======== Supplied data ========
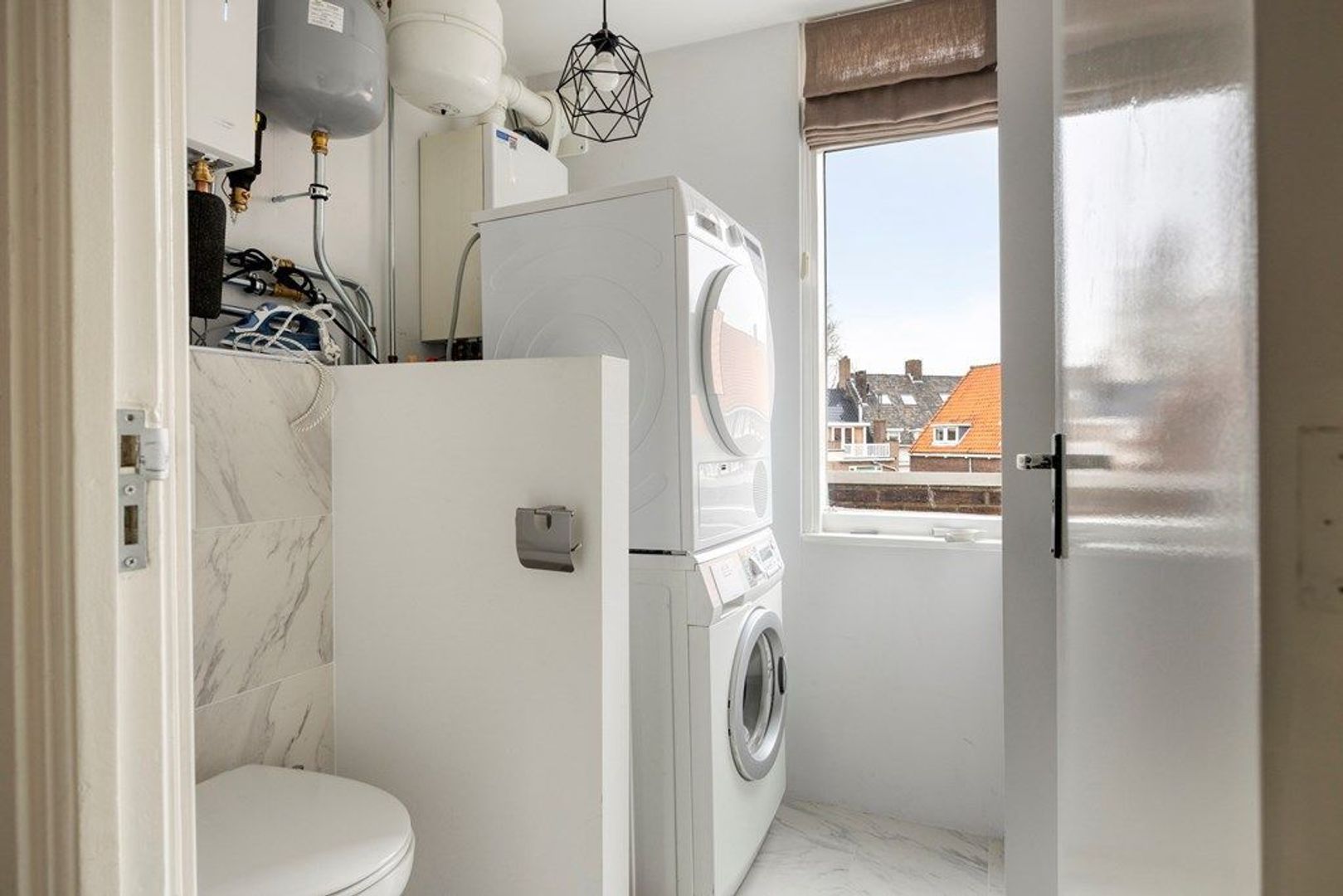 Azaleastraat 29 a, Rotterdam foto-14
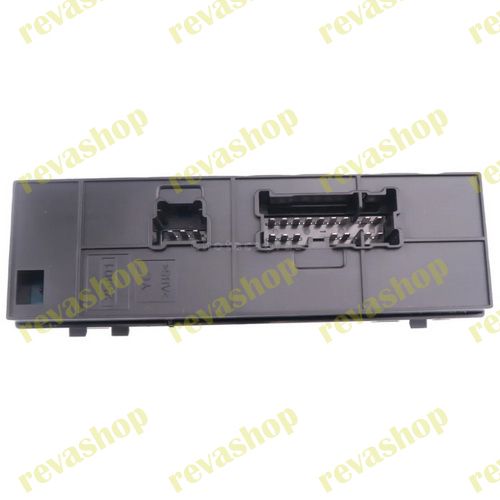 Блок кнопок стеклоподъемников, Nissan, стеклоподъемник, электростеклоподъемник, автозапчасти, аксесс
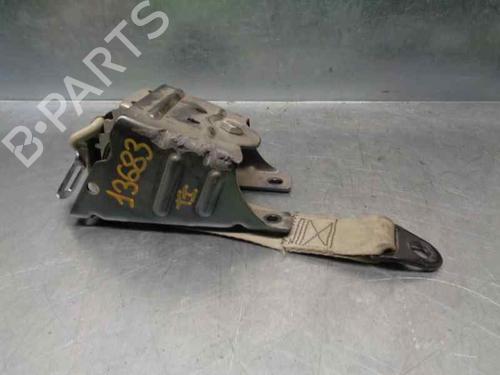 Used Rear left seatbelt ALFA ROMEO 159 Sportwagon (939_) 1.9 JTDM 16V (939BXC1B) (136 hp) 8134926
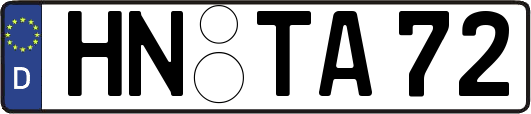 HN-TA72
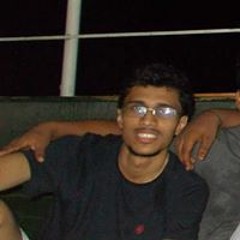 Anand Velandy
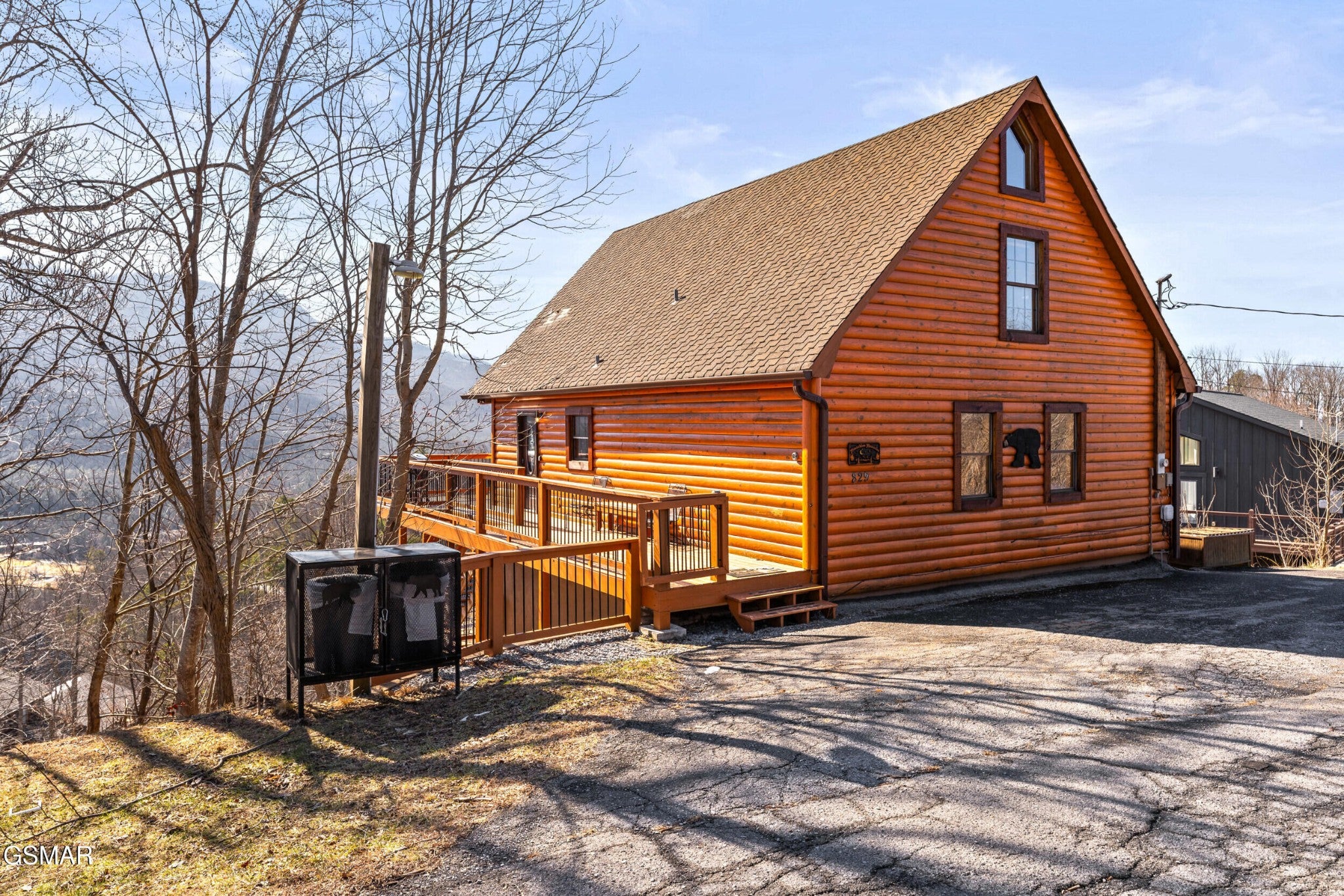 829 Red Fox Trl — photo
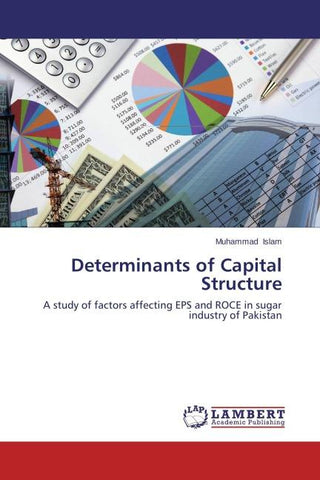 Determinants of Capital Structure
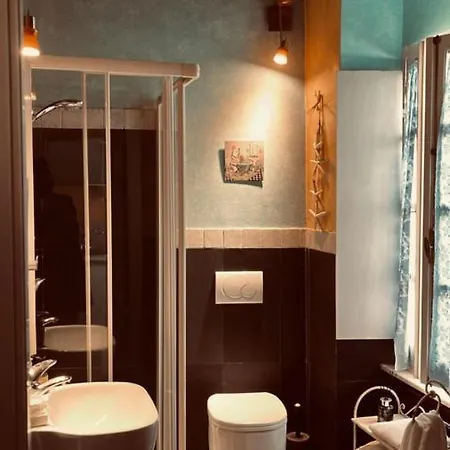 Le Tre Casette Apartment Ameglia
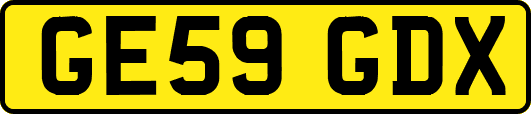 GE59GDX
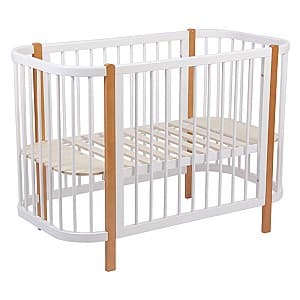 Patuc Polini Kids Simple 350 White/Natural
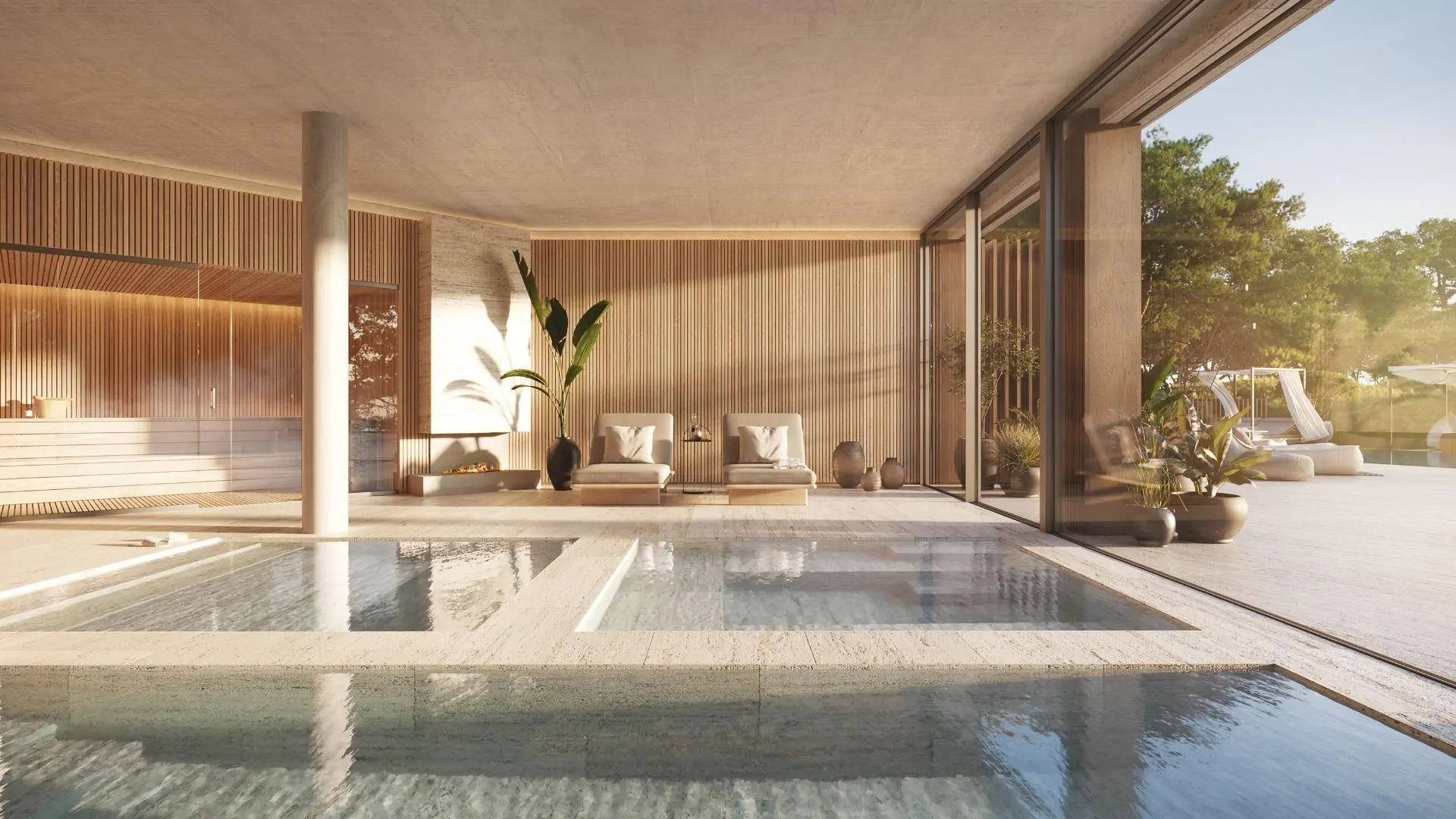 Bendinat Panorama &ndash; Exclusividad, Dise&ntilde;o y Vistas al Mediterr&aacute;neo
========
▶ _Work task_:
Your job is to transcribe the records exactly and in full. Pictures are not part of the copy.

▶ _Problem solution_:
 Azaleastraat 29 a, Rotterdam foto-14
 Блок кнопок стеклоподъемников, Nissan, стеклоподъемник, электростеклоподъемник, автозапчасти, аксесс
 Used Rear left seatbelt ALFA ROMEO 159 Sportwagon (939_) 1.9 JTDM 16V (939BXC1B) (136 hp) 8134926
 HN-TA72
 Anand Velandy
 829 Red Fox Trl — photo
 Determinants of Capital Structure
 Le Tre Casette Apartment Ameglia
 GE59GDX
 Patuc Polini Kids Simple 350 White/Natural
 Bendinat Panorama &ndash; Exclusividad, Dise&ntilde;o y Vistas al Mediterr&aacute;neo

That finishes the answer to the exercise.